◆ **Requirement**
From the records below, print exactly the lines starting at the one containing "Group of boys" and ending at the one containing "패혈증(Sepsis) | 질환백과 | 의료정보 | 건강정보 | 서울아산병원", ends included, and nothing else.

(Records contained in a dataset)
+ + + +
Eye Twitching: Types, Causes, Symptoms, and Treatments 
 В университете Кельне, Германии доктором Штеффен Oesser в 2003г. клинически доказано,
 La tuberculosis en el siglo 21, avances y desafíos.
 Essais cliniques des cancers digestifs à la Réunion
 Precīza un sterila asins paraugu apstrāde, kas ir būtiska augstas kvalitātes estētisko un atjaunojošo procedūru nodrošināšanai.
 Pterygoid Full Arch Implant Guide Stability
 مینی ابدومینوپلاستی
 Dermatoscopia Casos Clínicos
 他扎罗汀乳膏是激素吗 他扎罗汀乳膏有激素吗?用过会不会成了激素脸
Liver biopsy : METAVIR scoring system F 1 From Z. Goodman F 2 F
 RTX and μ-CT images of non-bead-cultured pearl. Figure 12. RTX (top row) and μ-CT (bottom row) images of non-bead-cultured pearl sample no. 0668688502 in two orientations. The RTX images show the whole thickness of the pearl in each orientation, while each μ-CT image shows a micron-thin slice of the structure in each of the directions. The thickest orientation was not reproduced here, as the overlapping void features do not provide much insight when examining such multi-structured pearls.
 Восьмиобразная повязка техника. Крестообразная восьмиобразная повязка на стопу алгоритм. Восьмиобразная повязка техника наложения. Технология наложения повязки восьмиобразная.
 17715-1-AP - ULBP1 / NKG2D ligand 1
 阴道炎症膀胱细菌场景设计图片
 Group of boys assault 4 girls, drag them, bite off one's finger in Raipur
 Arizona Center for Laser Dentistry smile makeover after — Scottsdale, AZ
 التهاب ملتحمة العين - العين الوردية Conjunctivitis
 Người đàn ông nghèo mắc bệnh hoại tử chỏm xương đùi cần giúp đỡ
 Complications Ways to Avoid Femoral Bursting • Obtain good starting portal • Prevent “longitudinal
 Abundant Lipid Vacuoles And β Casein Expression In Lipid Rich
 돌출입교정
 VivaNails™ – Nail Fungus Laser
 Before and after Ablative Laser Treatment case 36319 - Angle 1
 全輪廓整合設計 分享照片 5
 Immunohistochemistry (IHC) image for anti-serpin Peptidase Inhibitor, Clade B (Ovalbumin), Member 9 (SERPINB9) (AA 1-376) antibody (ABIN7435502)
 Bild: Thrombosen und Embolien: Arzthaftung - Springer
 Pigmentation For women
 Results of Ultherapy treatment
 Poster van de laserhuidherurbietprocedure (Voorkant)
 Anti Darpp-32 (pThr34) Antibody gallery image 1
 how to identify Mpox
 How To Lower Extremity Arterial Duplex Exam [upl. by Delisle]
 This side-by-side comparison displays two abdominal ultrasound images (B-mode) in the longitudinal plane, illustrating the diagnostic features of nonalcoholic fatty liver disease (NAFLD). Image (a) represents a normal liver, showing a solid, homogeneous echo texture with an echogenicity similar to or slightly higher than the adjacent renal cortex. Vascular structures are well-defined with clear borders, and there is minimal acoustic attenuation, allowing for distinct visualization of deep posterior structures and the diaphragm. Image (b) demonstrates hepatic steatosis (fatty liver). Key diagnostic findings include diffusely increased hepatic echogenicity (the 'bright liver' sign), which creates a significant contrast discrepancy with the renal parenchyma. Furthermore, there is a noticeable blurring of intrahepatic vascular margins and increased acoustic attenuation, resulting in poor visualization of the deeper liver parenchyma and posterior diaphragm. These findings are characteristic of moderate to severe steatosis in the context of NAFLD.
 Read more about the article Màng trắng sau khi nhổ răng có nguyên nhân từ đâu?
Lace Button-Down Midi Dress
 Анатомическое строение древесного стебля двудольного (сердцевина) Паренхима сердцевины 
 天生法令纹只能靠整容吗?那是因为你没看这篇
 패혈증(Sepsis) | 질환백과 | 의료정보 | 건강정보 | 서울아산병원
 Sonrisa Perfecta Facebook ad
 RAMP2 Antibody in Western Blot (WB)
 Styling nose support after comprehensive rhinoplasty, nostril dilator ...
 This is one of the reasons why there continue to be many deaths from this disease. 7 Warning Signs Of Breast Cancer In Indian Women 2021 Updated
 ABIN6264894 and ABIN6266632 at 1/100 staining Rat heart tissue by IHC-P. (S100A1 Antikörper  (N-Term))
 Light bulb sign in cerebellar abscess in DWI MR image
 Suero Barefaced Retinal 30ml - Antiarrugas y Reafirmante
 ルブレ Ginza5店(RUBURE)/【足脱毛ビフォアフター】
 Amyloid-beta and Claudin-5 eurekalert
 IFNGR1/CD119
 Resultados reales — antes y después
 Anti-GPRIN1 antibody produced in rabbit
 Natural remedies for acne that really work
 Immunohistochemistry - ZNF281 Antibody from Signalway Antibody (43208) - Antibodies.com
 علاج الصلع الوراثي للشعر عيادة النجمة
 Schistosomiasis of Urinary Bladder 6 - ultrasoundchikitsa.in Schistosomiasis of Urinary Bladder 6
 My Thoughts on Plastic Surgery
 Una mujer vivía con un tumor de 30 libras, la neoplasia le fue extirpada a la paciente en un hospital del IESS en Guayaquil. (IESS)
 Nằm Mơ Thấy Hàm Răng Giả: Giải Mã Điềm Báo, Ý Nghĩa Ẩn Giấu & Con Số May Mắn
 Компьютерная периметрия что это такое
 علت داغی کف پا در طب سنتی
+ + + +
◆ **Exercise result**
 Group of boys assault 4 girls, drag them, bite off one's finger in Raipur
 Arizona Center for Laser Dentistry smile makeover after — Scottsdale, AZ
 التهاب ملتحمة العين - العين الوردية Conjunctivitis
 Người đàn ông nghèo mắc bệnh hoại tử chỏm xương đùi cần giúp đỡ
 Complications Ways to Avoid Femoral Bursting • Obtain good starting portal • Prevent “longitudinal
 Abundant Lipid Vacuoles And β Casein Expression In Lipid Rich
 돌출입교정
 VivaNails™ – Nail Fungus Laser
 Before and after Ablative Laser Treatment case 36319 - Angle 1
 全輪廓整合設計 分享照片 5
 Immunohistochemistry (IHC) image for anti-serpin Peptidase Inhibitor, Clade B (Ovalbumin), Member 9 (SERPINB9) (AA 1-376) antibody (ABIN7435502)
 Bild: Thrombosen und Embolien: Arzthaftung - Springer
 Pigmentation For women
 Results of Ultherapy treatment
 Poster van de laserhuidherurbietprocedure (Voorkant)
 Anti Darpp-32 (pThr34) Antibody gallery image 1
 how to identify Mpox
 How To Lower Extremity Arterial Duplex Exam [upl. by Delisle]
 This side-by-side comparison displays two abdominal ultrasound images (B-mode) in the longitudinal plane, illustrating the diagnostic features of nonalcoholic fatty liver disease (NAFLD). Image (a) represents a normal liver, showing a solid, homogeneous echo texture with an echogenicity similar to or slightly higher than the adjacent renal cortex. Vascular structures are well-defined with clear borders, and there is minimal acoustic attenuation, allowing for distinct visualization of deep posterior structures and the diaphragm. Image (b) demonstrates hepatic steatosis (fatty liver). Key diagnostic findings include diffusely increased hepatic echogenicity (the 'bright liver' sign), which creates a significant contrast discrepancy with the renal parenchyma. Furthermore, there is a noticeable blurring of intrahepatic vascular margins and increased acoustic attenuation, resulting in poor visualization of the deeper liver parenchyma and posterior diaphragm. These findings are characteristic of moderate to severe steatosis in the context of NAFLD.
 Read more about the article Màng trắng sau khi nhổ răng có nguyên nhân từ đâu?
Lace Button-Down Midi Dress
 Анатомическое строение древесного стебля двудольного (сердцевина) Паренхима сердцевины 
 天生法令纹只能靠整容吗?那是因为你没看这篇
 패혈증(Sepsis) | 질환백과 | 의료정보 | 건강정보 | 서울아산병원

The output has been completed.